Miss Sarah Kollock taught French and Drawing in Mrs. Burwell's School in Hillsboro. I was her pupil for two years 1848 and 1849. It was a most excellent school. The teachers were all conscientious and faithful. I feel deeply indebted to them for their careful training. Mrs. Burwell was a wonderful woman. She neglected no duty, kept the house beautifully, had the personal supervision of the thirty boarders, attended to their manners and morals, saw that their beds were properly made - was particular about their health-kept house, made her own bread, washed the dishes, with our assistance - taught six hours a day - was the mother of twelve beautifully clean, healthy attractive children, dressed well always and entertained as much company as any other lady in the village.

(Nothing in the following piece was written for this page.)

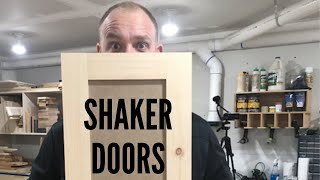 How To Make Shaker Doors [upl. by Enoyrt]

Mrs. Burwell told me they had traced out the families of over 3,000 pupils [sic] that had been under their care during the many years they taught, and that with few exceptions, the girls they sent out into the world had become useful wives and mothers and had become a power in the land. After such a life of labor, trials came where they looked for joys. Three of their four young daughters died - all grown - one, Mrs. Strudwick, married. Five sons were in the army - two were killed. I think a third one died - one daughter, the only remaining one married W. Snow of Raleigh - she too is dead. The other sons have been successful men. Many of her favorite sayings come back to me. When she opened the school room door, and found us not doing our duty, her only reproof was to say, "Oh constancy, thou art a jewel." She said we studied Rhetoric in the school room and she taught Logic in the dining room and so our definition of Logic was "washing dishes."
Lavinia was called Venie.
Lavinia Ellis Cole was born on March 14, 1833. She died on June 23, 1923, of pneumonia.